# [Data to examine]
—————
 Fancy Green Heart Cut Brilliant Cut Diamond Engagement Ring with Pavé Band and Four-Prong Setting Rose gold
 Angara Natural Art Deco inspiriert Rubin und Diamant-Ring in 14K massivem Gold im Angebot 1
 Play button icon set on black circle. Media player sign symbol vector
—————
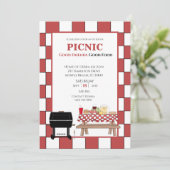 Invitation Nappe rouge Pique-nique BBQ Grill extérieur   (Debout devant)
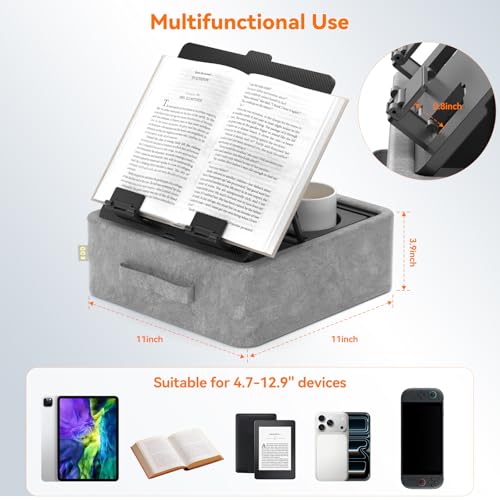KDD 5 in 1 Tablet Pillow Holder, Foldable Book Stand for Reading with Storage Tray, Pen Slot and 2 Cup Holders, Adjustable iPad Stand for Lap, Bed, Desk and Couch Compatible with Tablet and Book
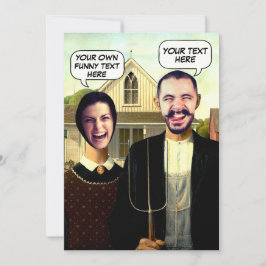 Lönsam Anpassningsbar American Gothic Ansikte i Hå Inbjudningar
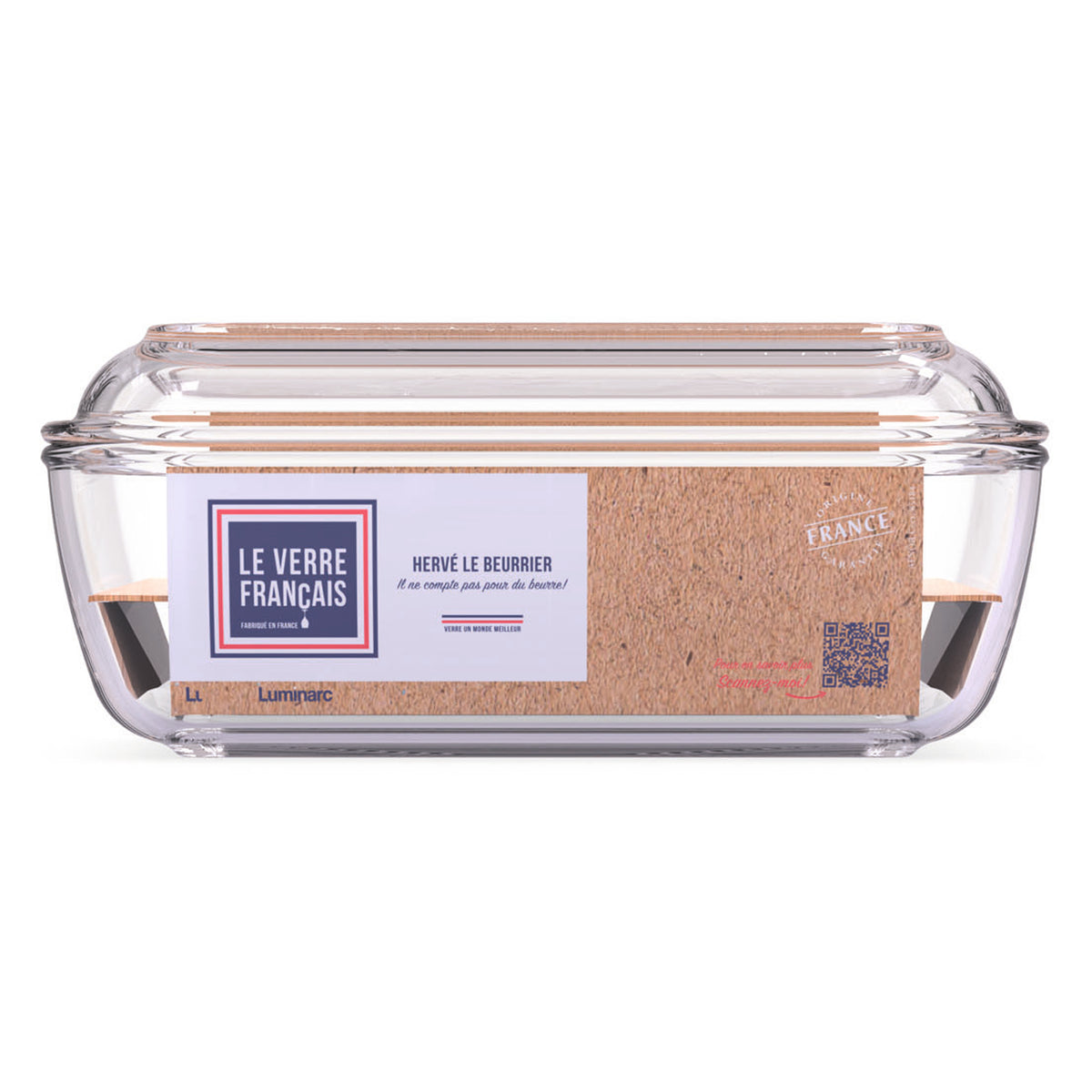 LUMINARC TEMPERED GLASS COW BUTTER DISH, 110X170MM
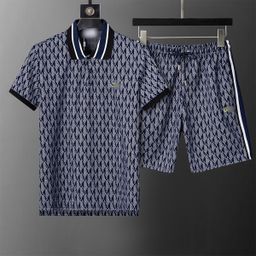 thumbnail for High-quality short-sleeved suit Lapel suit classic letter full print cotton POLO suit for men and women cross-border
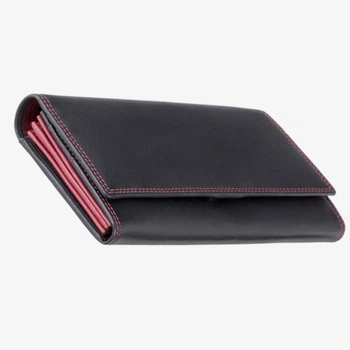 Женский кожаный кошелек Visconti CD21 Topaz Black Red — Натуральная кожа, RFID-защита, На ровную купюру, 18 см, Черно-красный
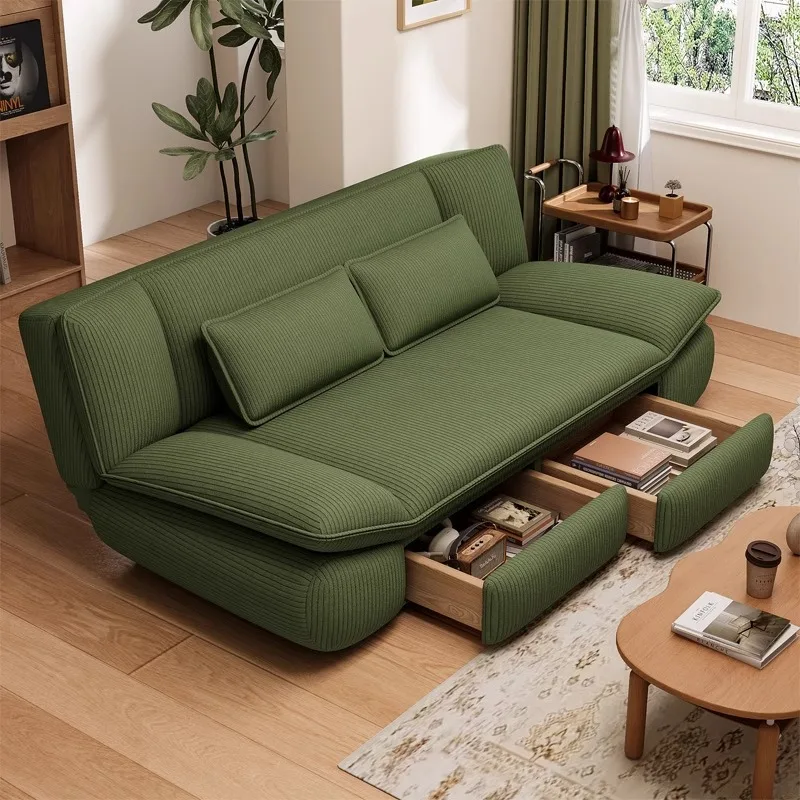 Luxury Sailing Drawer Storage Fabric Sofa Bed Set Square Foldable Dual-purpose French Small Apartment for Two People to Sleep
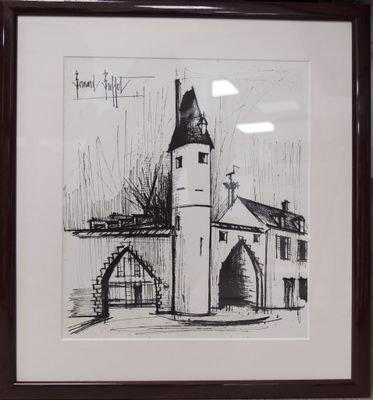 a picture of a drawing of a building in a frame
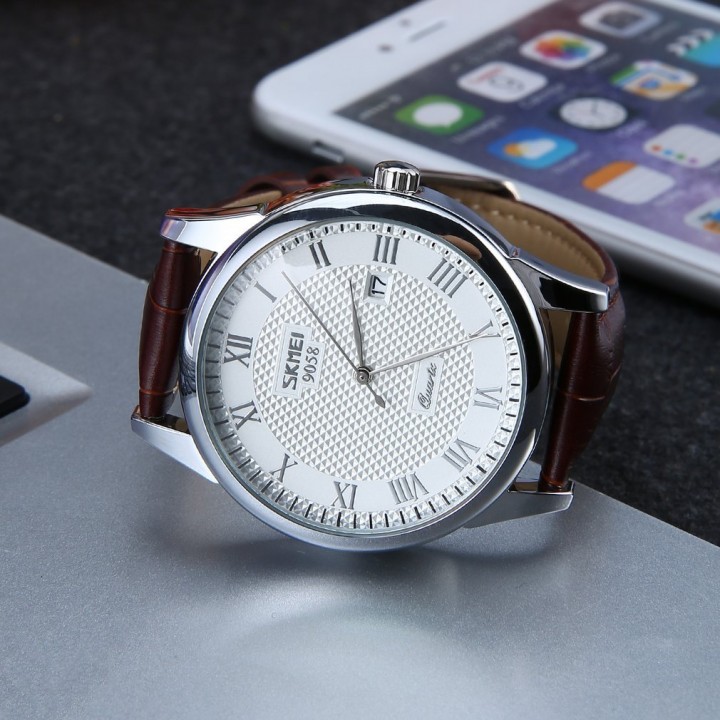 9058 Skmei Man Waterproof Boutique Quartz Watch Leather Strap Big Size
—————
# [Prompt]
Show every line of the entries above where the word "Ring" occurs.

# [Task solution]
 Fancy Green Heart Cut Brilliant Cut Diamond Engagement Ring with Pavé Band and Four-Prong Setting Rose gold
 Angara Natural Art Deco inspiriert Rubin und Diamant-Ring in 14K massivem Gold im Angebot 1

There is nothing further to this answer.